START Raw data

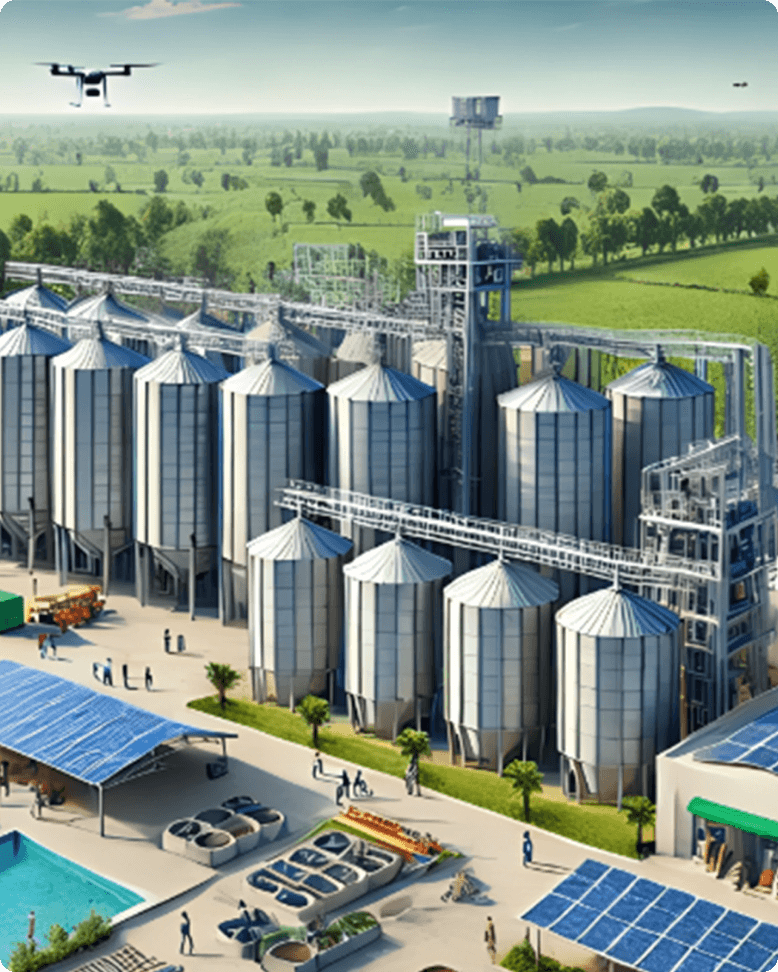 Agro-industrial facility — silos, solar, and food infrastructure
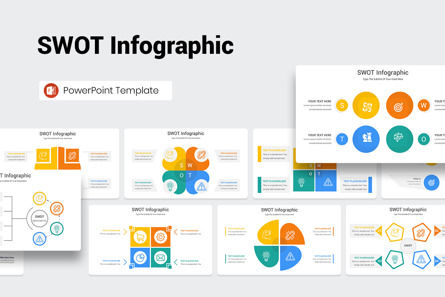 SWOT Infographic PowerPoint Template, 파워 포인트 템플릿, 11638, 비즈니스 — PoweredTemplate.com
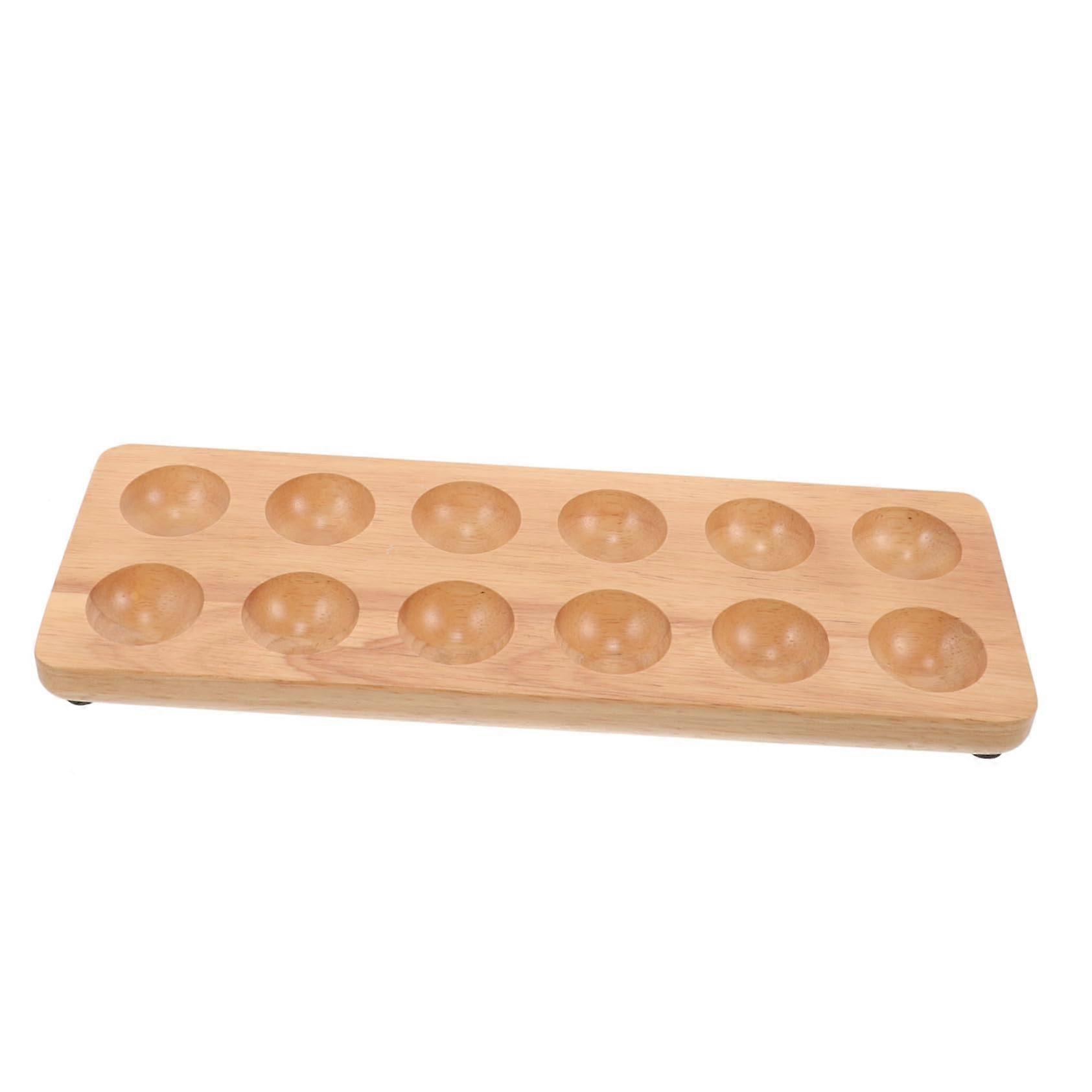 Wooden egg tray with holes  
Sturdy egg holder for refrigerator and countertop  
Spacesaving egg storage tray for refrigerator
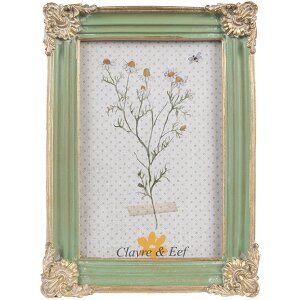 Clayre & Eef 2F1147 Cadre photo vert or 13x2x18 cm 10x15 cm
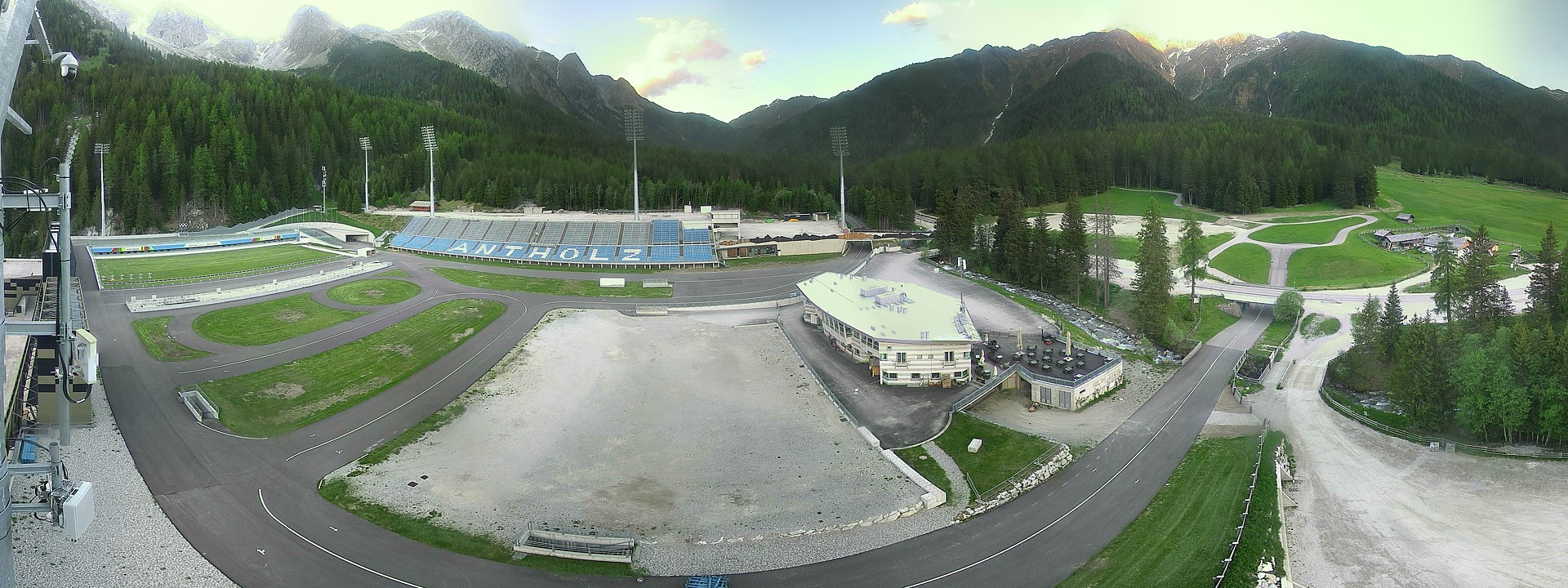 Archived image Webcam Antholz: biathlon stadium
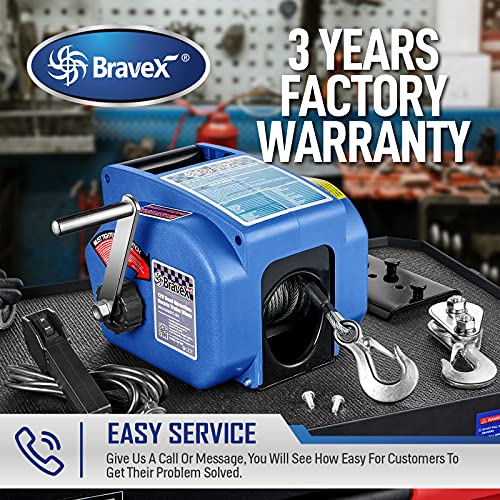 Bravex Trailer Winch 6000LBS, Reversible Portable 12-Volt DC Electric Winch Boat Trailer Truck Power-in, Power-out (Corded Remote Control & Hand Crank)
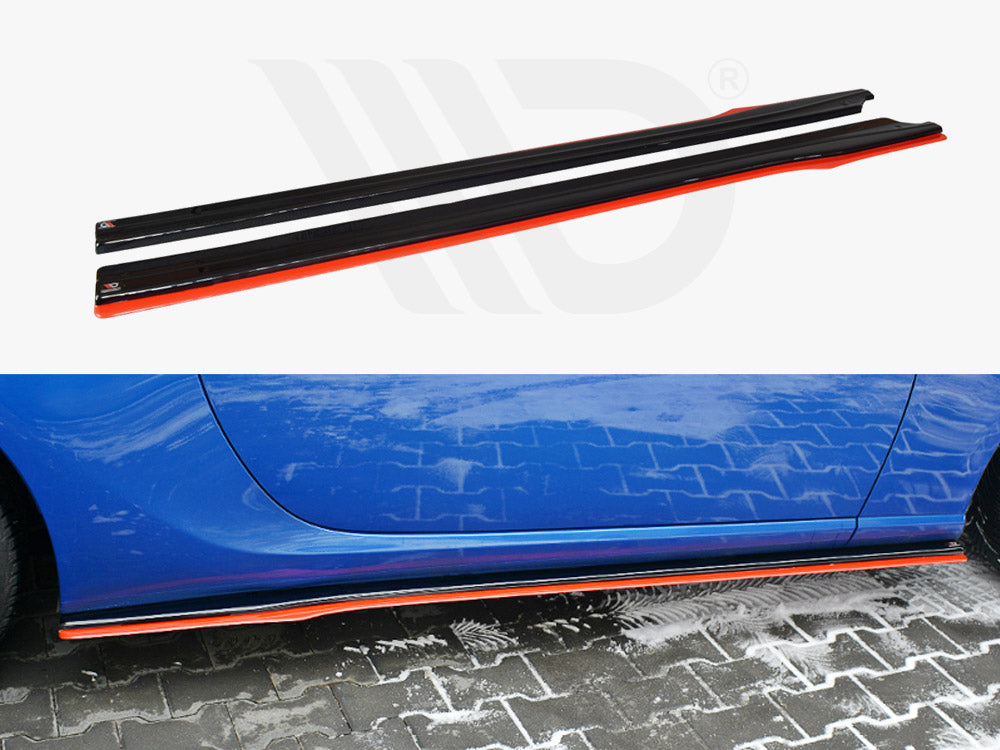 Maxton Design SU-BRZ-1F-SD1RRED+SD1T Side Skirts Splitters (black & Red) V.2 Subaru Brz / Toyota Gt86 Facelift (2017-2020) | Duco Car Parts UK Car Parts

END Raw data

## Assigned task
Word for word, write out each line from the one with "Sturdy egg holder" through the end of the entries above, and omit any pictures.

## Task output
Sturdy egg holder for refrigerator and countertop  
Spacesaving egg storage tray for refrigerator
 Clayre & Eef 2F1147 Cadre photo vert or 13x2x18 cm 10x15 cm
 Archived image Webcam Antholz: biathlon stadium
 Bravex Trailer Winch 6000LBS, Reversible Portable 12-Volt DC Electric Winch Boat Trailer Truck Power-in, Power-out (Corded Remote Control & Hand Crank)
 Maxton Design SU-BRZ-1F-SD1RRED+SD1T Side Skirts Splitters (black & Red) V.2 Subaru Brz / Toyota Gt86 Facelift (2017-2020) | Duco Car Parts UK Car Parts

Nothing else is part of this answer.